John McGahern published his first novel 'The Barracks' in 1963 and since then has produced five more books.
He came to maturity in an Ireland where artists were often persecuted by a hyper conservative society but he lives now in a changing Ireland that often seems to be persecuted by hyperactive artists.
His work tells the stories of spurned lovers, country people in Dublin and protestant families in border counties. This latest collection of short stories ‘High Ground’ goes a step further. While his work to date has largely taken the form of the novel, he has always been a fan of short stories.
I think we read writers. Not short stories or novels or sonnets and the quality of the writing is much more important than the quality of the form.
While ‘High Ground’ is a collection of individual short stories, John McGahern carries characters from story to story. This approach to the writing happened quite organically he believes that a writer does not choose his material. Rather the material chooses the writer.
Johnv McGahern, Highground (1985)
One particular family that feature in the collection is a Protestant family living in rural Ireland. The family while fictional are based on the Anglo-Irish figures that John McGahern learnt about growing up. He talks about how the Anglo-Irish used language differently to Irish people. His stories also feature ceremonies that were specific to a Protestant way of life that simply did not exist for Catholics. He also believes that Protestants had a freedom that Catholics did not have. One of the Protestant characters even used this freedom to become a Catholic.

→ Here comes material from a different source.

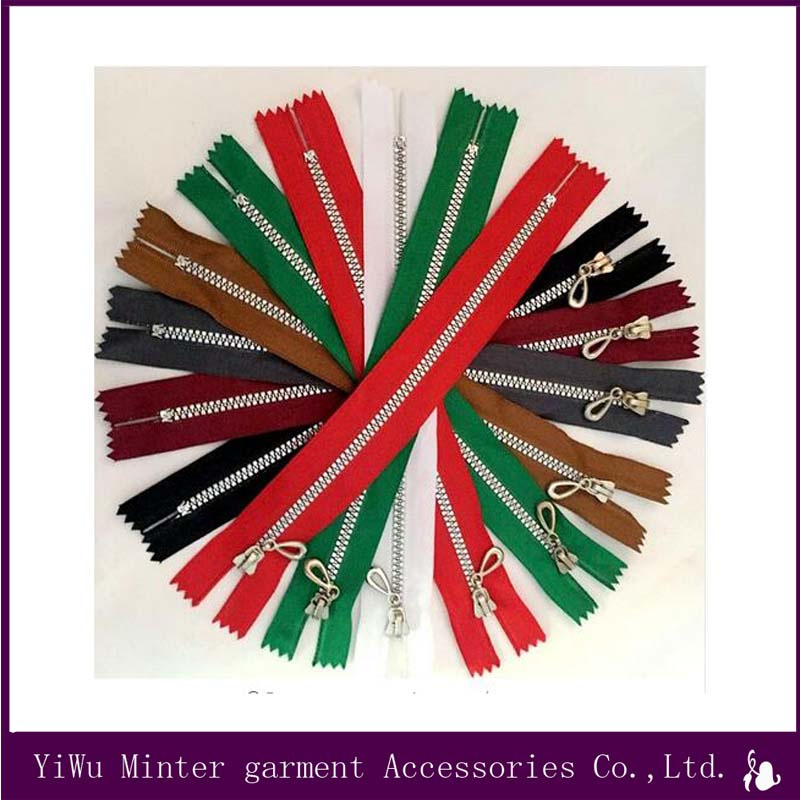 Wholesale High Quality Custom Metal Zipper for Garment Accessories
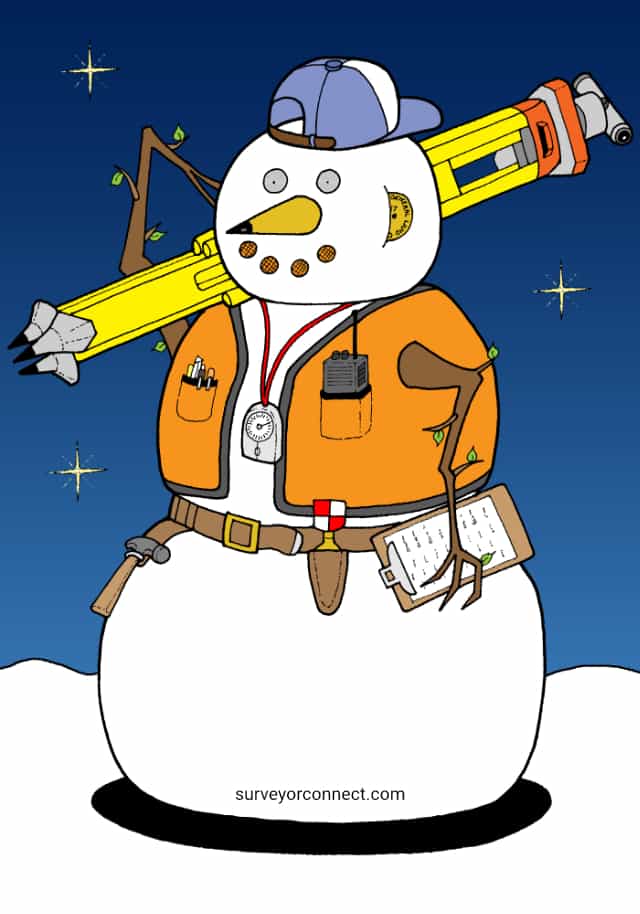 Frosty the Surveyor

In the final story in the collection, John McGahern describes the bitterness and aggression in city pubs but denies it is a story about Patrick Kavanagh and his circle of friends.
This episode of ‘Exhibit A’ was broadcast on 16 December 1985. The presenter is Declan Kiberd.
'Exhibit A: The Arts Show' was a magazine style programme that looked at the arts in Ireland. Some episodes contained numerous features and reviews, while others focused on specific artists and art forms.